■ **PROBLEM**
Please copy the data exactly as it stands, minus the images.

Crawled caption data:
━━━

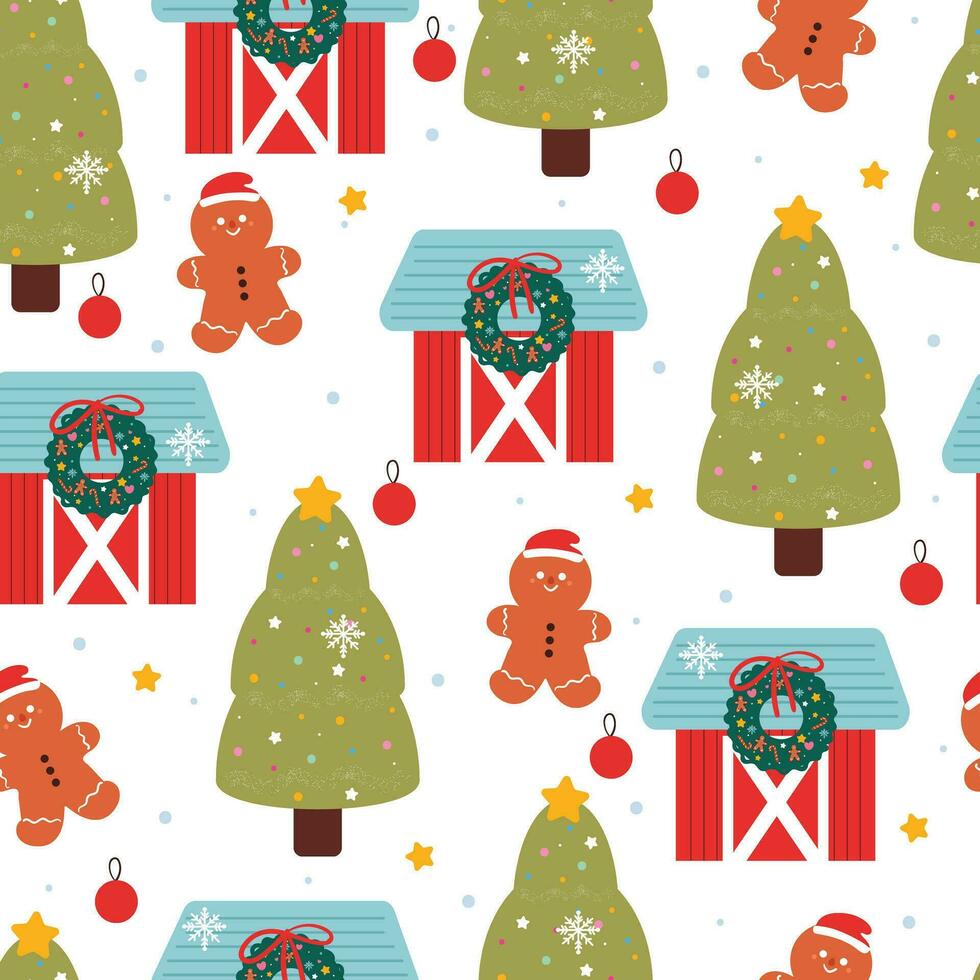 seamless pattern cartoon ginger bread and candy for Christmas. Cute Christmas wallpaper for card, gift wrap paper vector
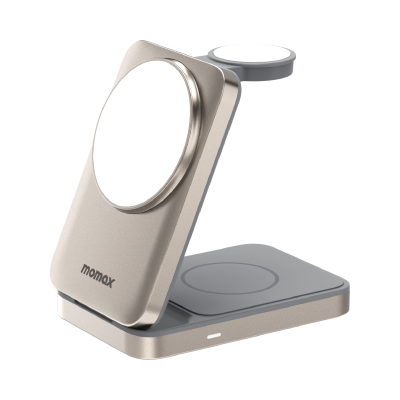 Momax 1-Charge Q.Port 3-in-1 Foldable Qi2 15W Magnetic Wireless Charging Stand
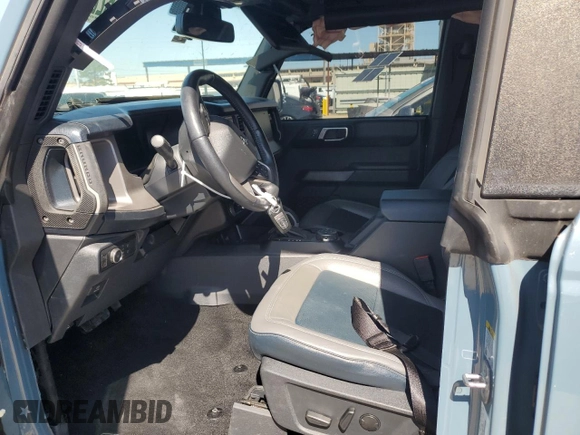 2022 Ford Bronco with VIN 1FMEE5DP3NLB62749, listed as a Copart auction lot 52227435 with 59,444 mi miles and Salvage Title. Bid and sale history available at DreamBid. Image 7.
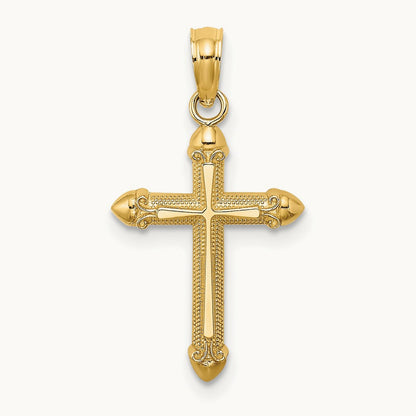 Polished w/ Scroll Design Cross Charm, 14K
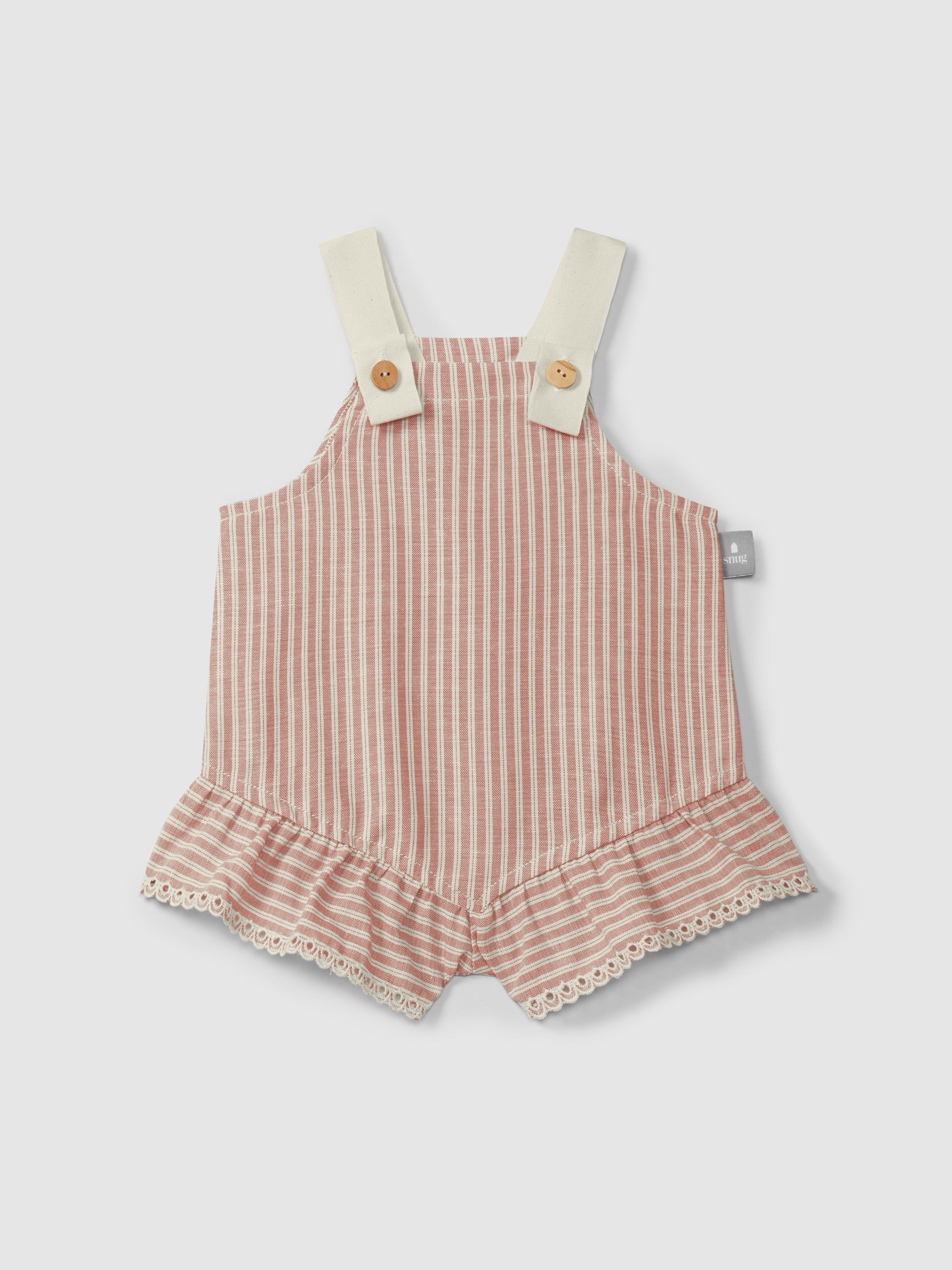 Snug Overalls in Stripe with Lace Trim || Indigo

━━━

■ **WRITTEN RESPONSE**
 seamless pattern cartoon ginger bread and candy for Christmas. Cute Christmas wallpaper for card, gift wrap paper vector
 Momax 1-Charge Q.Port 3-in-1 Foldable Qi2 15W Magnetic Wireless Charging Stand
 2022 Ford Bronco with VIN 1FMEE5DP3NLB62749, listed as a Copart auction lot 52227435 with 59,444 mi miles and Salvage Title. Bid and sale history available at DreamBid. Image 7.
 Polished w/ Scroll Design Cross Charm, 14K
 Snug Overalls in Stripe with Lace Trim || Indigo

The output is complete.